Der Beschluß des 2. Strafsenats des Bundesgerichtshofs vom 31. Juli 1992 - 2 StR 320/92 - steht nicht entgegen. Der 2. Strafsenat hat dort die Revision des Angeklagten nach § 349 Abs. 2 StPO verworfen und hinzugefügt, die Frage, ob eine besondere Schwere der Schuld im Sinne des § 57 a Abs. 1 Satz 1 Nr. 2 StGB zu bejahen oder zu verneinen sei, unterliege in Fällen, in denen das Urteil vor dem 3. Juni 1992 ergangen ist, nicht der revisionsgerichtlichen Nachprüfung. Dem Beschluß des 2. Strafsenates kann nicht entnommen werden, daß der dort entschiedene Fall dieselben Besonderheiten auf wies wie der vorliegende (vgl.

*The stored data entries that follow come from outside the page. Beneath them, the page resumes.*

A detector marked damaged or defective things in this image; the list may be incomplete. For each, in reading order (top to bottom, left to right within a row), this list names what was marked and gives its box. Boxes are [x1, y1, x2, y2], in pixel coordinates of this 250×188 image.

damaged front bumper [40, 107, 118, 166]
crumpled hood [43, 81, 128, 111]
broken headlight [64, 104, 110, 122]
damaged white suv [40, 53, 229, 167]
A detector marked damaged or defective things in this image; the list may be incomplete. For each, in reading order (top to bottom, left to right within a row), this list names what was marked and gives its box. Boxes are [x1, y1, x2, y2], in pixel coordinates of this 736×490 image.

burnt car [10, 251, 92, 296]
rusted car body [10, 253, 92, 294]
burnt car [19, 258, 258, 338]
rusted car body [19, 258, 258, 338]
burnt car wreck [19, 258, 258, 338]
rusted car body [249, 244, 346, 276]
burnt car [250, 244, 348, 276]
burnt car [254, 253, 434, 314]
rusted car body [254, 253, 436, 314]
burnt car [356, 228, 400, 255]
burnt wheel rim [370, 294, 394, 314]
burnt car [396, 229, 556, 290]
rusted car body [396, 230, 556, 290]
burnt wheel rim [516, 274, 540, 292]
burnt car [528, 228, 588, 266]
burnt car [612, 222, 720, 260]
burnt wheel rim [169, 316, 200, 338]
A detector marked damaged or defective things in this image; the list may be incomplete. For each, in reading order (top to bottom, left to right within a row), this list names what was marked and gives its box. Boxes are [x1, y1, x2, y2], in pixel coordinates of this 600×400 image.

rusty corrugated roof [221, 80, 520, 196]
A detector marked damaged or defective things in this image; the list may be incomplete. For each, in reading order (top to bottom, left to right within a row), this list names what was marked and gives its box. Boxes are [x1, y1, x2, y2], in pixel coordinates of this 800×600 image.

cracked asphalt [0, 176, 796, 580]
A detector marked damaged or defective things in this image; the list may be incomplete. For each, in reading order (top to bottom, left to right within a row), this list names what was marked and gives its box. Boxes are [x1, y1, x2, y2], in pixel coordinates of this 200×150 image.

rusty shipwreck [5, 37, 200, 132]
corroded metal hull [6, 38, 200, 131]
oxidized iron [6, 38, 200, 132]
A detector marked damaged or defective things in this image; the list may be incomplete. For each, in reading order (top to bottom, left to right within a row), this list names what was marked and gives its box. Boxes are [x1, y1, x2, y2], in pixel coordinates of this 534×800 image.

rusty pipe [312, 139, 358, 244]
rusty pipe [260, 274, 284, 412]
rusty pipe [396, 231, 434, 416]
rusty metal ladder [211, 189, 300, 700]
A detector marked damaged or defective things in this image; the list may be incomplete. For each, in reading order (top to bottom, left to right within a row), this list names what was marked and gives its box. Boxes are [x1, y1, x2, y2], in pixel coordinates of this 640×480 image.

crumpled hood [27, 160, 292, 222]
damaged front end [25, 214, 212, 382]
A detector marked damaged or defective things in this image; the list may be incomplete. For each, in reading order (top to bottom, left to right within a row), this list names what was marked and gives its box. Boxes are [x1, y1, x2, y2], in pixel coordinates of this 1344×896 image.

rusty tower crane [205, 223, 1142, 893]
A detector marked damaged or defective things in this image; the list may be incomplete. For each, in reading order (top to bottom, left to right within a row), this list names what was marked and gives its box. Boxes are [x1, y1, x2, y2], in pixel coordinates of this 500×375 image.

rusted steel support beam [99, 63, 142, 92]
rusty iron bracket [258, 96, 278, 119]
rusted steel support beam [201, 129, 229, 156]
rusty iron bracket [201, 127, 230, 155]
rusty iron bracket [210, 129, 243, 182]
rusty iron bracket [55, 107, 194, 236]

BGHSt 34, 184, 189, 190 [BGH 03.10.1986 - 2 StR 193/86];  35, 60, 65),  [BGH 29.09.1987 - 4 StR 376/87]in dem aufgrund der Feststellungen des Tatrichters nur eine - mit dem Antrag des Generalbundesanwalts übereinstimmende - Wertung zugunsten des Angeklagten möglich ist. Es entspricht den Grundgedanken des Beschlusses des Bundesverfassungsgerichts (vgl. Abschnitt C II 3 d), in einem solchen Fall die Entscheidung über die besondere Schwere der Schuld (§ 57 a Abs. 1 Satz 1 Nr. 2 StGB) nicht der späteren Entscheidung der Strafvollstreckungskammer zu überlassen.